# WHAT NEEDS TO BE DONE
Could you print exactly the lines from the one that contains "ABD'de kırmızı ışıkta" to the end of the data, both ends included, and nothing else? Skip the pictures.
:: DATA BLOCK ::
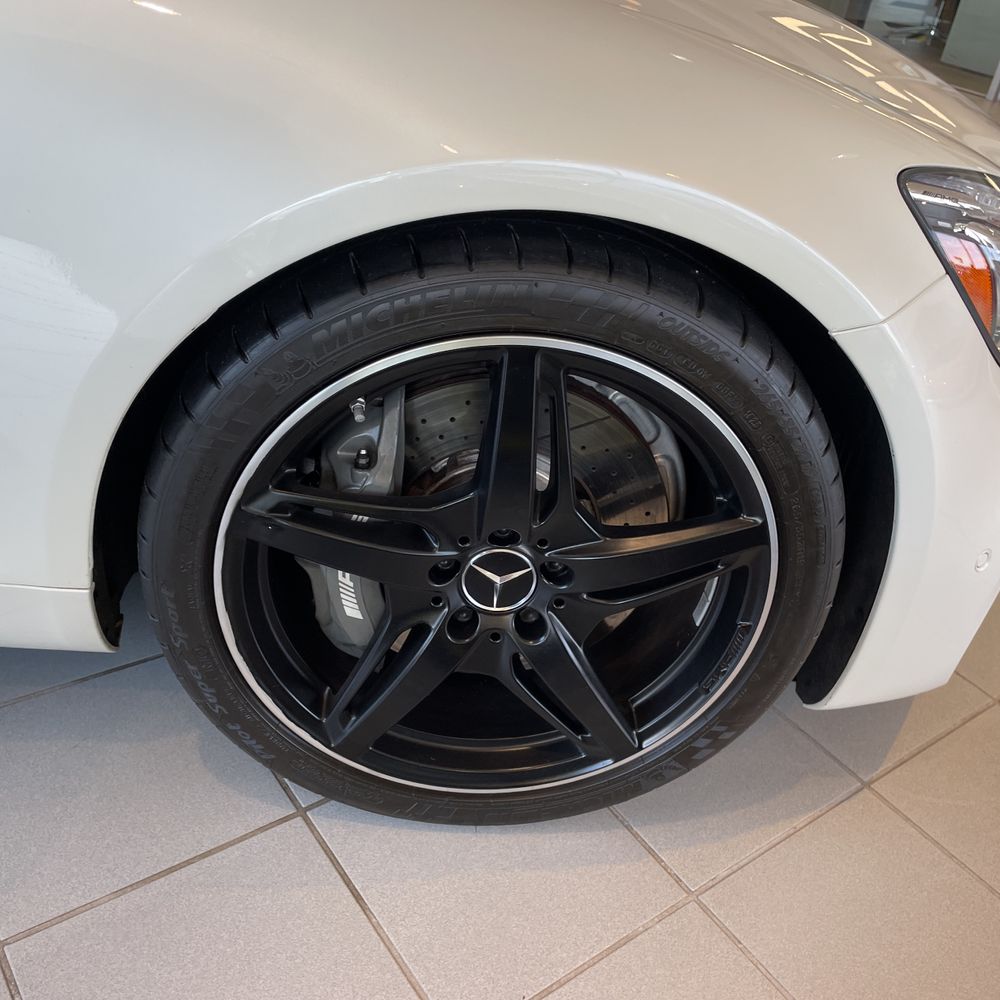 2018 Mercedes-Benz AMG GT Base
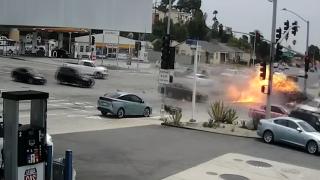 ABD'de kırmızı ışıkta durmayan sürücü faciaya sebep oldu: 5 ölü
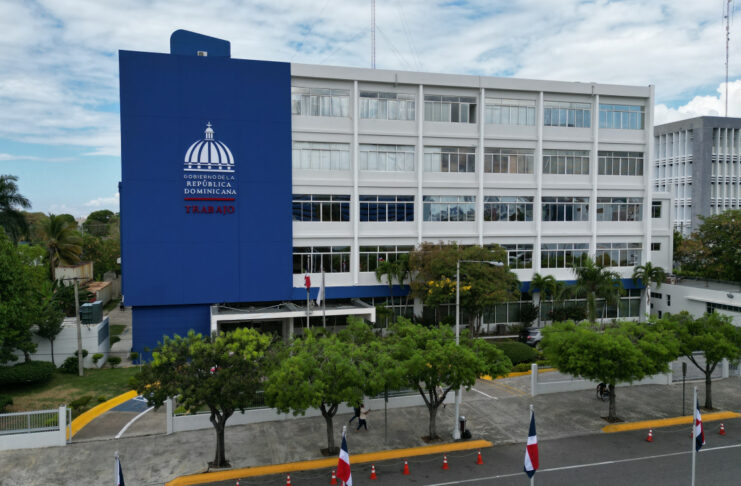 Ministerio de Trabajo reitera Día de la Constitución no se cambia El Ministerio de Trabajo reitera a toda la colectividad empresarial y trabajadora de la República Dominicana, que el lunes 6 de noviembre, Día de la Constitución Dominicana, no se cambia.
:::
# THE ANSWER
 ABD'de kırmızı ışıkta durmayan sürücü faciaya sebep oldu: 5 ölü
 Ministerio de Trabajo reitera Día de la Constitución no se cambia El Ministerio de Trabajo reitera a toda la colectividad empresarial y trabajadora de la República Dominicana, que el lunes 6 de noviembre, Día de la Constitución Dominicana, no se cambia.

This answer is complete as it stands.